I’d also like to imply that you’re probably sexist. You bros are fine with a revolution as long as you get to be in charge, blacks and chics have their place and I’m sure you’ll get around to helping them any day now. I think that Bernie bros are Trump supporters with liberal arts degrees, you’re not angry at the injustice, you’re angry that now that it’s your turn, your white privilege doesn’t go as far as it used to.
I do NOT think OP is a troll, nor a racist, nor a closet Trumpist. I sympathize with him. I admire Bernie Sanders and admire many of the people who supported him.
OP is wrong on one essential point, however.

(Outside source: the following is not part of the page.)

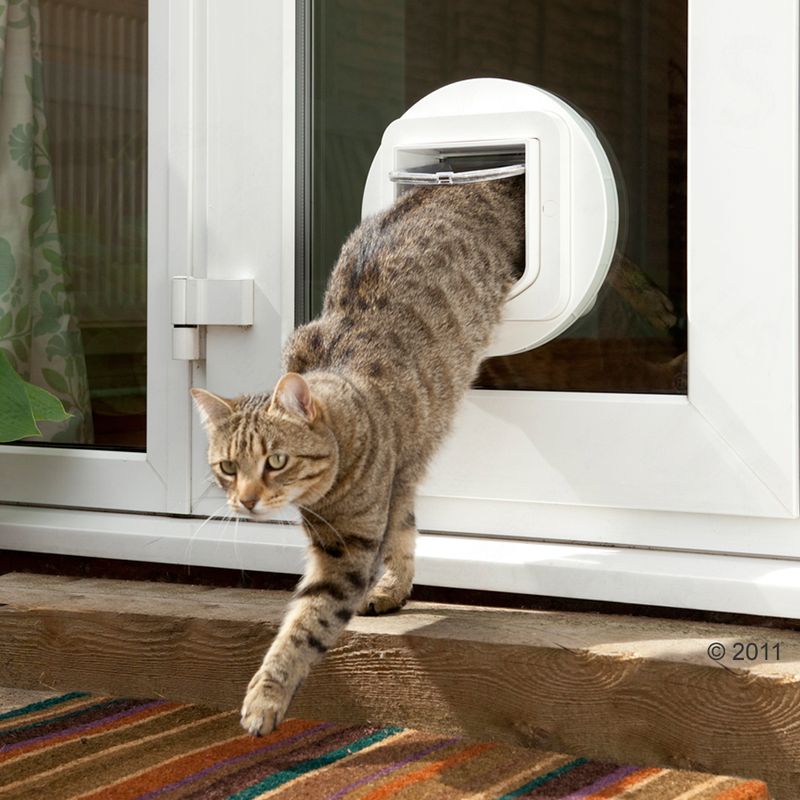 SureFlap Microchip Cat Flap || SureFlap || view 3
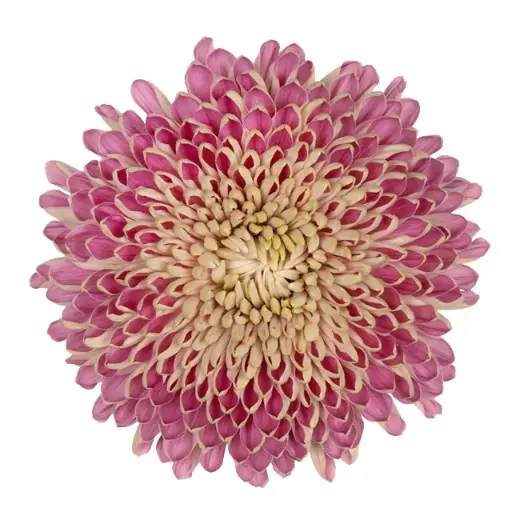 V26 Cremons Couture Pink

D’s fell in line behind Biden for one simple reason: We think he has the highest chance of beating Trump.
Maybe we’re wrong. But please stop spinning an alternate reality in which some secret cabal would rather lose with Biden than win with Sanders. It makes you look stupid.

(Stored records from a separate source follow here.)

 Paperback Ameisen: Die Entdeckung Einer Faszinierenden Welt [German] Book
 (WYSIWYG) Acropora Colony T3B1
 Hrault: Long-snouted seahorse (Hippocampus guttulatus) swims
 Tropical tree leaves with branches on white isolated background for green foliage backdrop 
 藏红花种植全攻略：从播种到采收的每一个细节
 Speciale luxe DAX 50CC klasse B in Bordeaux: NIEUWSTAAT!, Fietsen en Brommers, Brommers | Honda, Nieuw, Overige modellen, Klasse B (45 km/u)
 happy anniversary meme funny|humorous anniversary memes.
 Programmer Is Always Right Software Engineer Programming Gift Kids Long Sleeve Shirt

Very few of us blame Bernie when his dim-witted supporters turn against Biden. We blame the dim-witted supporters.
As for your question: Why is this so complicated? Biden wants to row the boat, however slowly and incompetently, in the same direction as Bernie does. Trump and his cabal of evil-doers are rowing in the opposite direction as fast as they can. (They’ve already done huge damage. Another 4 years will end the America we loved.) How is it Biden’s fault — or the fault of us rational-thinking Americans — if dim-witted Bernie-brats don’t even understand which direction they want the boat to be rowed?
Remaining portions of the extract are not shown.